Par exemple, un homme creuse un puits dans le désert et déclare par la suite: c’est mon eau, elle m’appartient, cette région aussi est à moi, c’est moi qui l’arrose. Un noble terrien disait au moyen-âge: c’est ma terre, elle m’appartient, nul ne peut y pénétrer, c’est ma rivière, mon gibier, nul ne peut le chasser, et vous vous êtes mes gens. Un jour il la perd, criblé de dettes. Le noble terrien n’a plus de terres, plus de position, il ne comprend pas: tout cela était à moi, c’est à moi, pense-t-il toujours! C’est le grand problème, l’humanité pense que la Terre lui appartient, qu’elle possède ses ressources et qu’elles sont à son entière disposition.

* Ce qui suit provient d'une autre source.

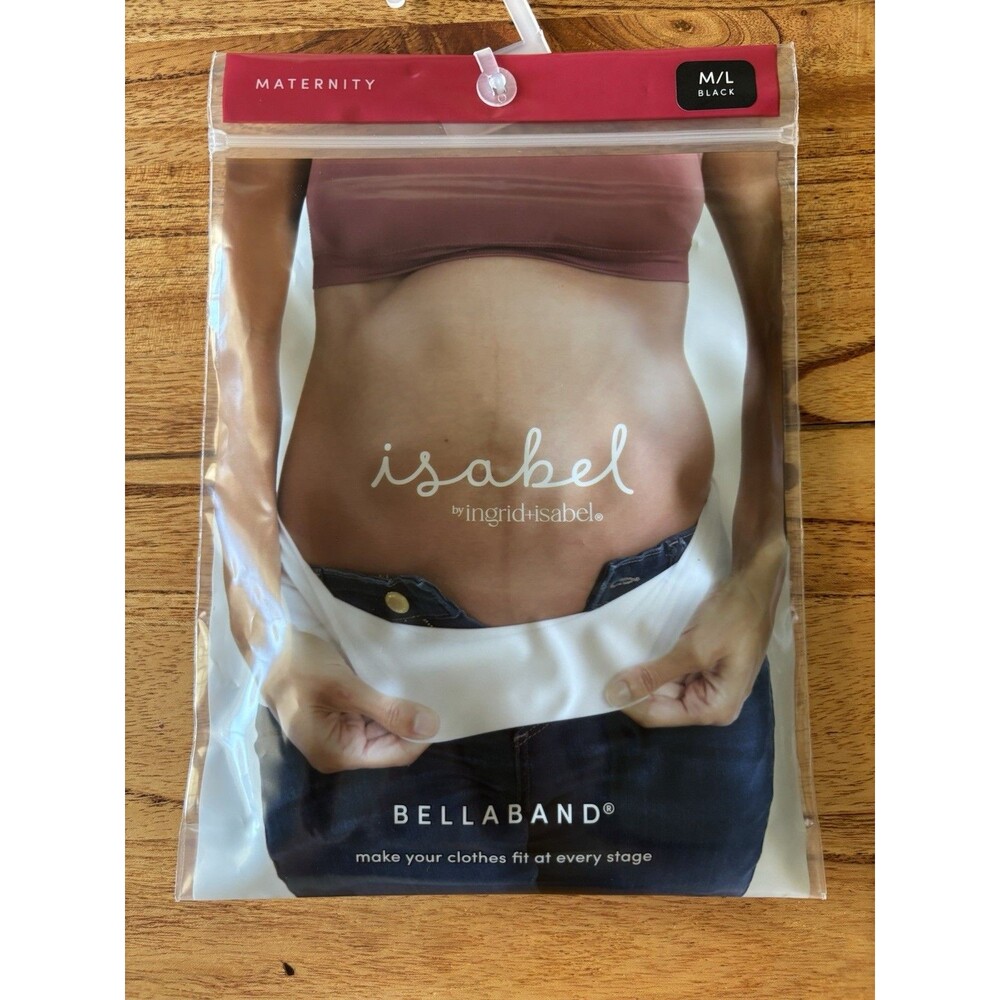NWT Isabel Ingrid sz M/L Black BellaBand Seamless 360 Belly Band Maternity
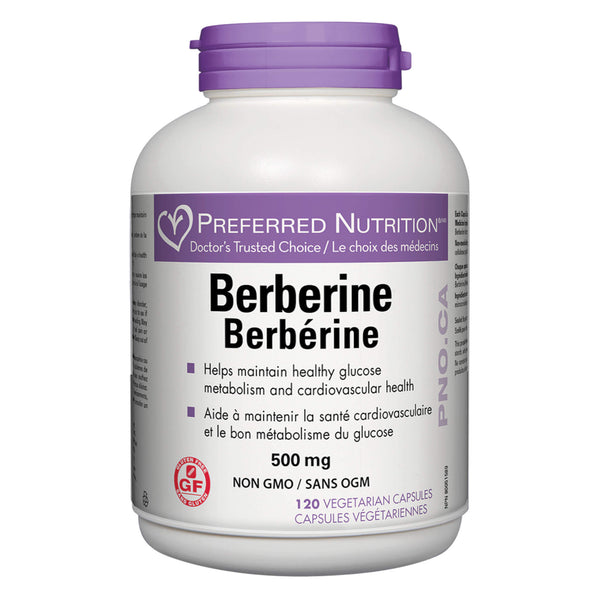 Bottle of PreferredNutrition Berberine 500mg 120VegetarianCapsules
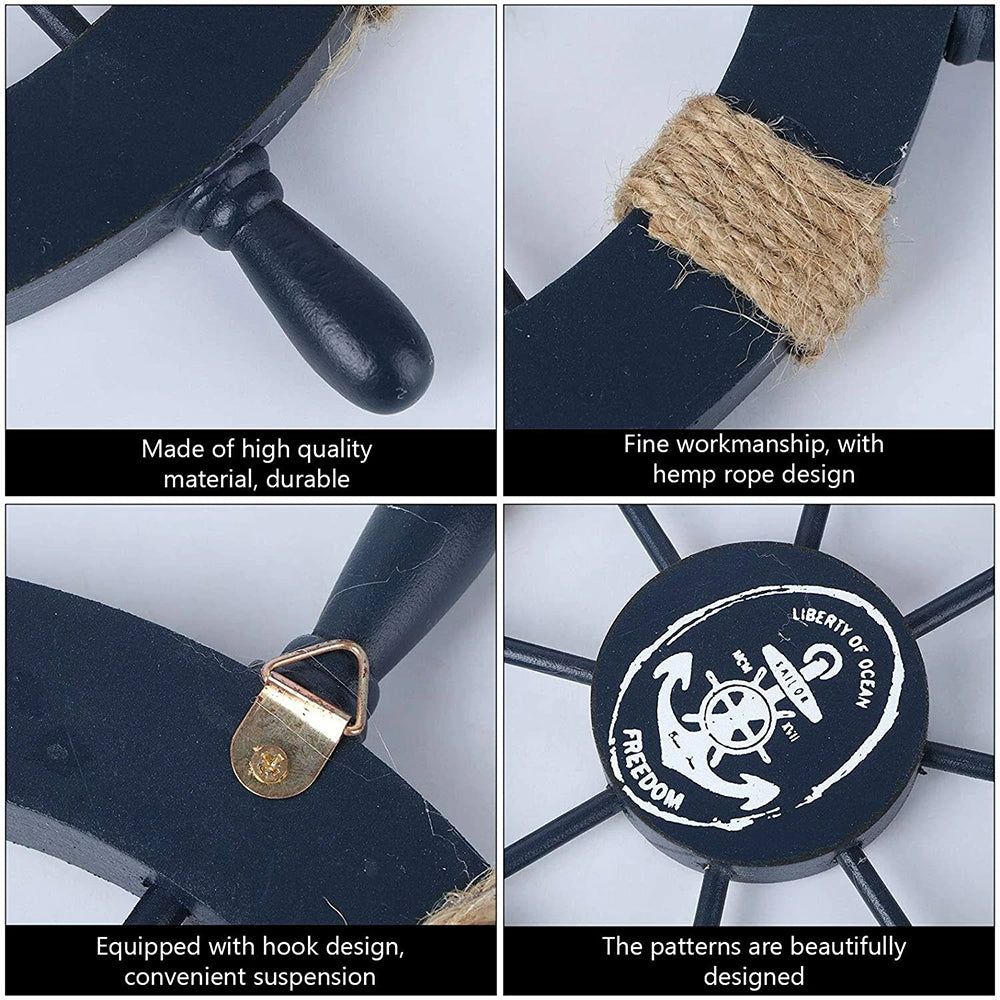 Wooden Ship Wheel Wall Decor 28cm Steering Wheel for Beach House Theme Room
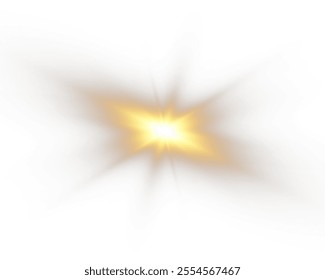 Bright yellow sun, PNG. Starburst, soft glow of rays. Starburst starburst burst with bright sparks of rays, isolated on white background. Vector illustration of abstract yellow burst.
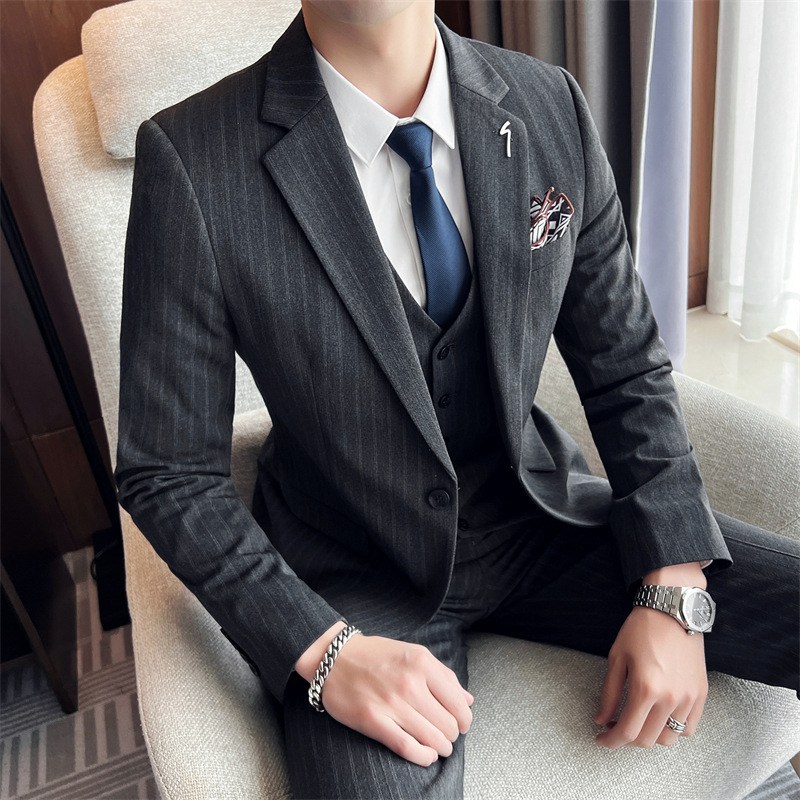 Men's K781 Premium Striped Business Suit - Versatile Wedding Groomsmen Jacket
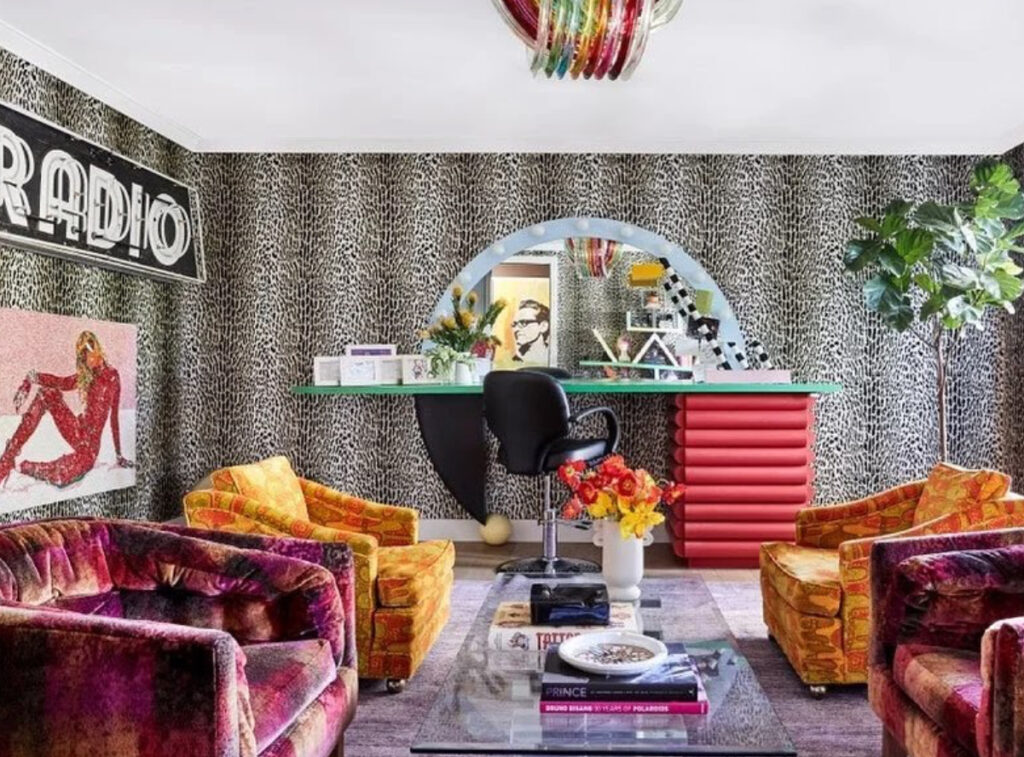 Miley Cyrus’s maximalist dressing room featuring vibrant décor, layered textures, and a cozy conversational seating arrangement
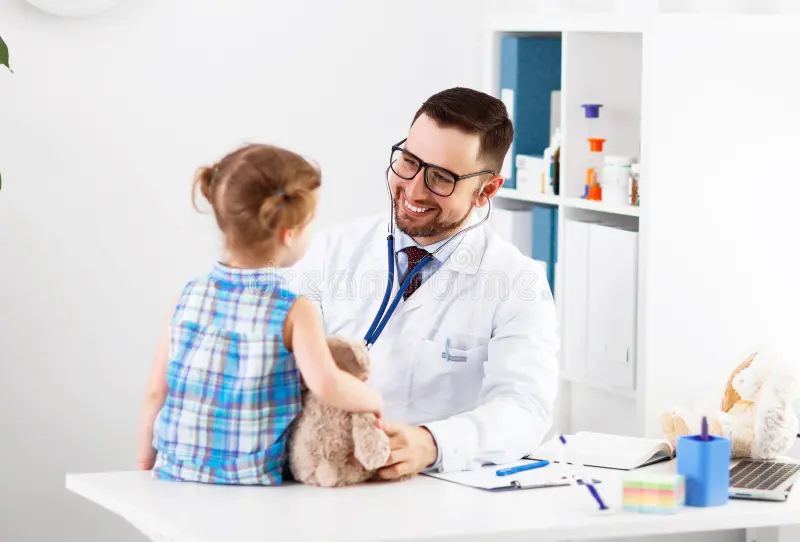 Doctor caring for a young patient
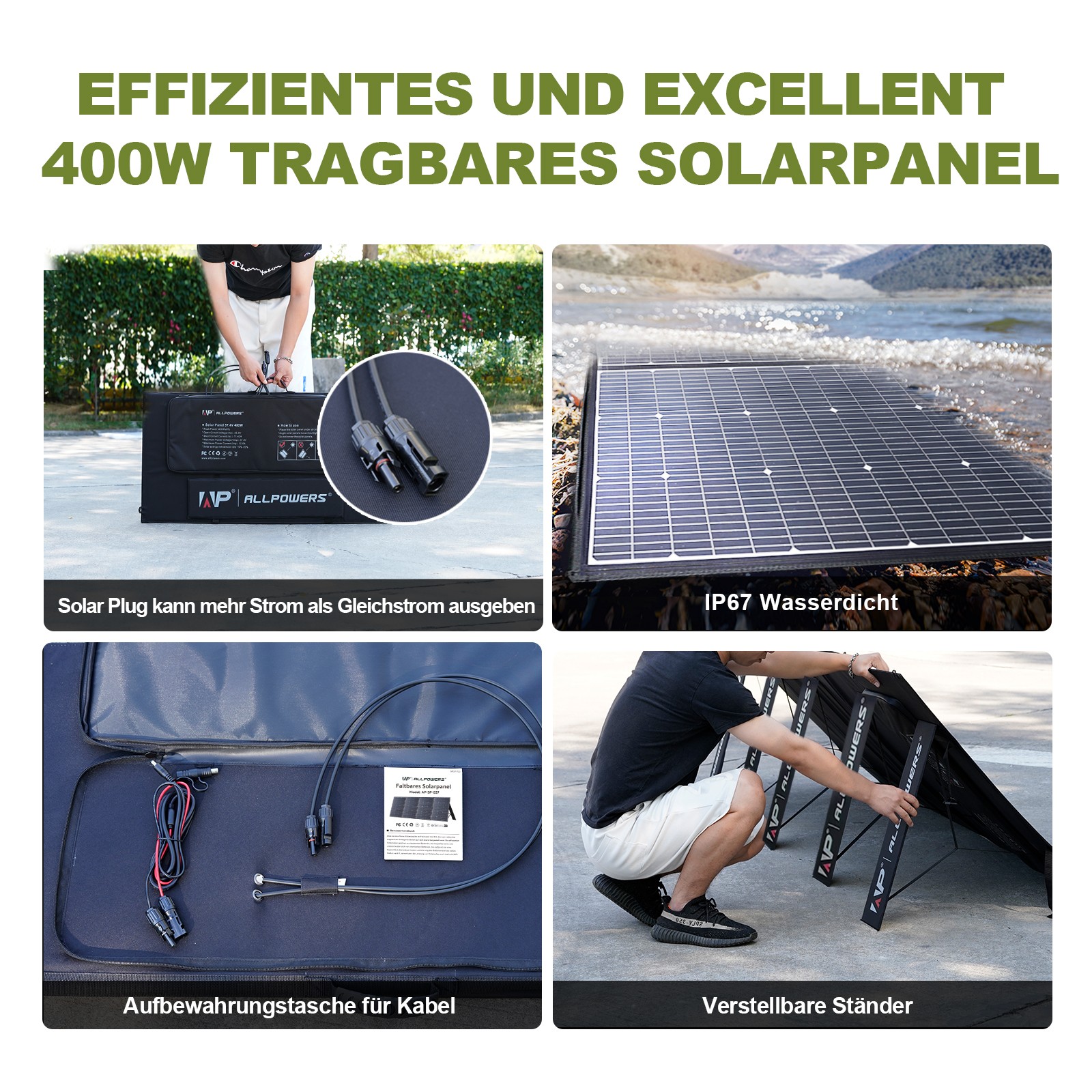 ALLPOWERS 400W 600W Foldable Solar Panel Kit Charger For Generator Power Station
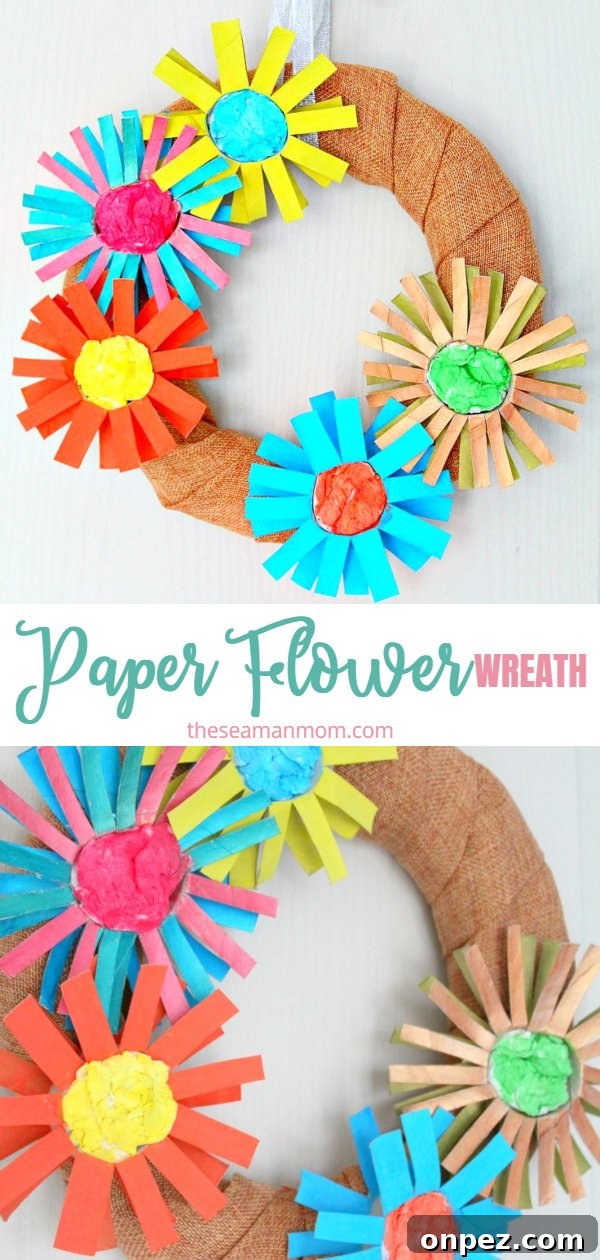 DIY Paper Tube Flower Wreath Tutorial 10 Paper flower wreath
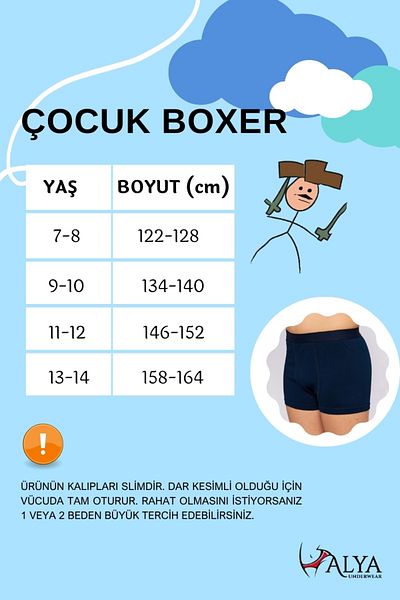 ALYA UNDERWEAR Boy's Boxer Short 4 τεμαχίων Μαύρο - Γκρι μελανζέ - Navy Blue - Indigo
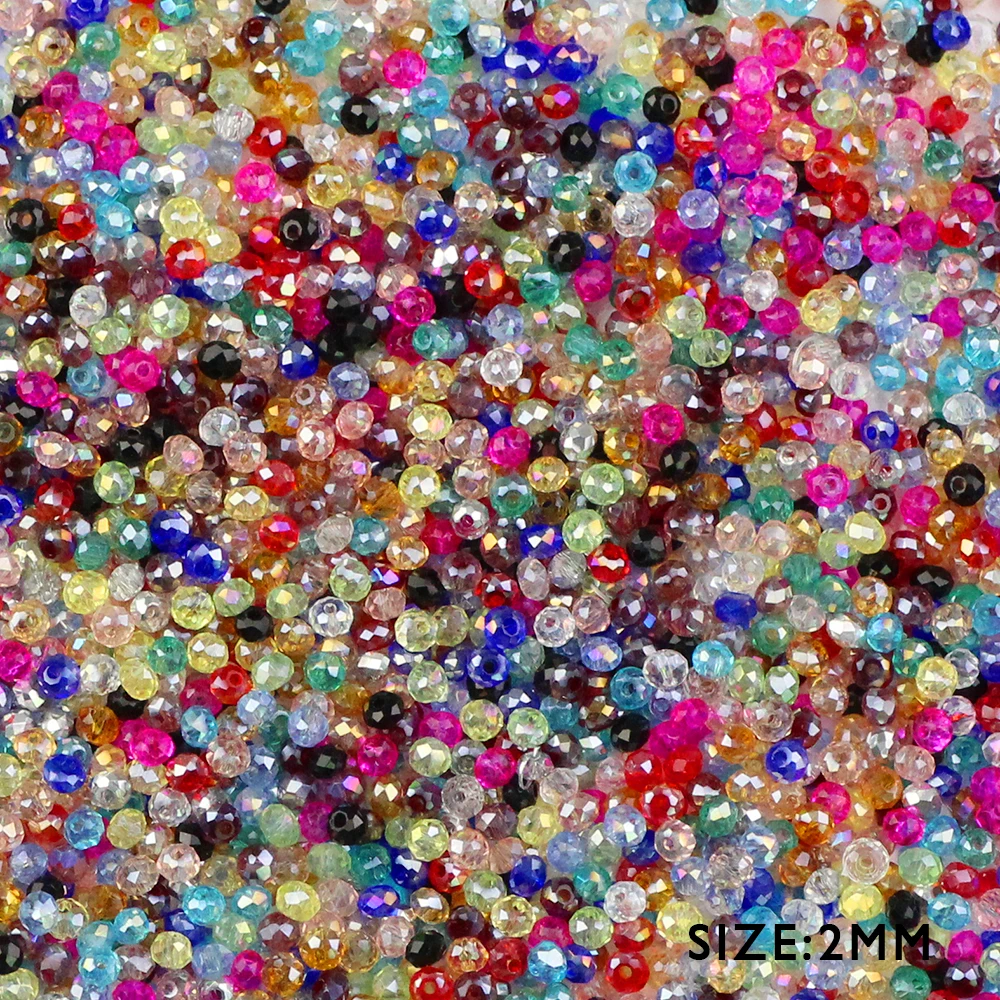 ZHBES Facettierte flache runde österreichische Kristalle Spacer lose Perlen 2 mm 200 Stück für Schmuckherstellung DIY Armband Halskette Zubehör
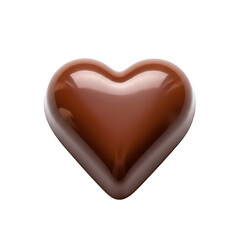 A delicious and rich chocolate heart-shaped treat on a white background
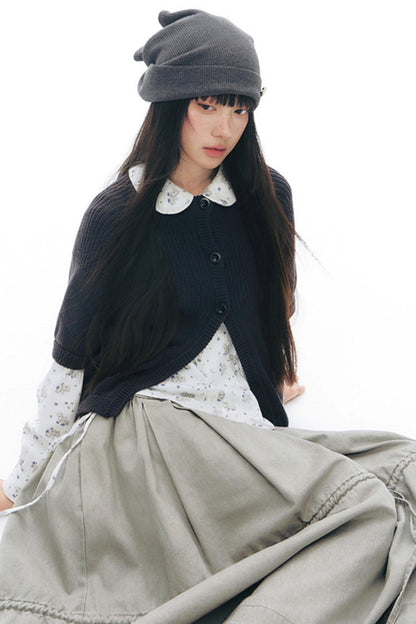 Vintage-Strickjacke mit mittellangen Ärmeln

Nous ne possédons en fait rien, nous ne pouvons pas posséder la Terre, les montagnes, les océans, mais avec respect nous pouvons jouir de l’usufruit de toutes choses, en profiter comme un don qui nous est fait, mais les posséder n’a aucun sens. Proud’hon, l’anarchiste a dit: “La propriété c’est le vol.” Le bodhisattva dit: “La propriété, ça n’existe pas, c’est une illusion de notre esprit.” Nous nous sommes habitués à croire que nous possédions les choses que nous cotoyons, si bien que finalement nous nous en sommes persuadés: ceci m’appartient, alors que nous ne faisons qu’échanger les biens de la Terre. Nous pouvons les effleurer, sans nous les approprier.

Alors le bodhisattva donne tout ce qu’il a parce qu’en vérité il sait bien qu’il ne possède rien en propre. Ne possédant rien en propre il n’est pas attaché à des propriétés, il ne craint pas de perdre des choses et il est libre, d’un esprit ouvert au don, au don de soi aussi. Cela ne l’empêche pas de jouir légèrement de la vie, de la nature, de ses amis, d’être heureux et de répandre du bonheur autour de lui.

En ce qui concerne les proches, la famille, les amis, les compagnes et compagnons qui partagent notre vie, les enfants, il faut discerner entre l’attachement à toutes ces personnes et l’amour que nous avons pour elles. Les gens confondent l’attachement aux êtres avec l’amour et cela les enferme dans un sénario qui tourne en rond : “Sans toi je peux pas vivre, si tu veux me quitter je te tape dessus, au pire je te tue, que serais-je sans toi? Aime-moi!” Ne confondez pas l’attachement avec l’amour, l’un emprisonne, l’autre illumine et libère. L’un demande, l’autre donne. Nous sommes habités par la vie, nous ne la possédons pas, c’est facile à comprendre, non? Tel est l’esprit du bodhisattva.

Dans la sagesse indigène, l’amour émerge comme une force d’intégration de la vie imprégnée dans la nature originelle de l’être humain. Être en union avec cette force de vie et d’amour de la nature génère un calme physique et un mouvement spirituel de l’âme et du cœur. Le voyage commence à travers lequel se révélera au bodhisattva la vérité qui l’attend à l’intérieur de lui. Il devient attentif à la conversation qui va s’engager avec lui-même et la nature de toutes choses, sentir l’eau, le vent, le feu et la terre et, à travers eux, à travers la conscience de cette force naturelle et la sensibilité d’une écoute intime intérieure, il trouvera les leçons d’amour que l’ego a enfouies et bloquées. Libre et léger, il continuera sans effort son cheminement dans la pratique de l’éveil.

L’énergie d’un bodhisattva alors ne s’use que s’il ne l’utilise pas. Nous l’avons, mettons-la en œuvre pour le bien.